Williamsburg Wythe Blue vs Sea Emerald
Williamsburg Wythe Blue (Benjamin Moore) and Sea Emerald (Jotun) come from different manufacturers. Williamsburg Wythe Blue reads as blue, while Sea Emerald reads as blue-grey — two distinct hue families, not close cousins. The 8-point LRV gap — 33 for Williamsburg Wythe Blue vs 26 for Sea Emerald — means Williamsburg Wythe Blue will open up a space more effectively. Where Williamsburg Wythe Blue leans blue, Sea Emerald reads cool — a distinction that shifts noticeably depending on the light source and surrounding finishes. ΔE 4.8 means they're clearly different, but not dramatically so — they'd pair well in the same room. Below you'll find 2 real-room photo comparisons where both colors appear side by side, plus 5 simulated room previews.
Williamsburg Wythe Blue vs Sea Emerald in Real Spaces
2 real rooms side by side. Williamsburg Wythe Blue and Sea Emerald are close enough that the difference can be hard to judge from a chip alone — these photos show how each reads at scale, across different spaces and lighting conditions.
Living Room
A living room wall sees more varied light than almost any other surface in the house, which makes the choice between these two more nuanced than a chip suggests. Williamsburg Wythe Blue reads slightly lighter here — a subtle but real difference in how open the space feels.
Kitchen Cabinets
Cabinet color is always seen in context — against countertops, backsplash, and hardware — which amplifies undertone differences that might disappear on a plain wall. Williamsburg Wythe Blue has the edge in reflectance, which shows as a quiet sense of added space rather than an obvious contrast.
Color Details
Williamsburg Wythe Blue vs Sea Emerald Simulated Comparison
5 simulated room previews — drag the slider on each to see Williamsburg Wythe Blue on one side and Sea Emerald on the other.

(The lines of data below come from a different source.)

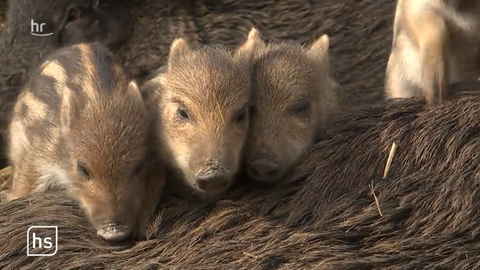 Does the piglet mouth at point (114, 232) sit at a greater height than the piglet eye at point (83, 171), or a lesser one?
lesser

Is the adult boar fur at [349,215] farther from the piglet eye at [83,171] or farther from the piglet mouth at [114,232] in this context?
the piglet eye at [83,171]

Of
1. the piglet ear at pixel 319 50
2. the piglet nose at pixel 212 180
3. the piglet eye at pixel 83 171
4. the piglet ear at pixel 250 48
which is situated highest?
the piglet ear at pixel 250 48

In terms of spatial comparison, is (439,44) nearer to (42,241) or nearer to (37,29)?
(42,241)

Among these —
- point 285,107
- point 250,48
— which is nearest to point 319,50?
point 250,48

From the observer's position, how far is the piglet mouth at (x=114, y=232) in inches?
102

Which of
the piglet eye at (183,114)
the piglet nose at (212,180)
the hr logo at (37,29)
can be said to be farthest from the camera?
the hr logo at (37,29)

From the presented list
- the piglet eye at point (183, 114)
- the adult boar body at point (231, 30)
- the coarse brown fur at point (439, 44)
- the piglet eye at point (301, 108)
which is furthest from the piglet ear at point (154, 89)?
the adult boar body at point (231, 30)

Digital color is approximate. These simulations are generated from the manufacturer's hex values and overlaid on grayscale room photos — your screen's calibration, brightness, and viewing angle all affect how they render. Before committing to either color, test physical samples in your own space under the light you actually live with.
More Williamsburg Wythe Blue comparisons
See how Williamsburg Wythe Blue stacks up against other well-photographed colors across different brands and tones.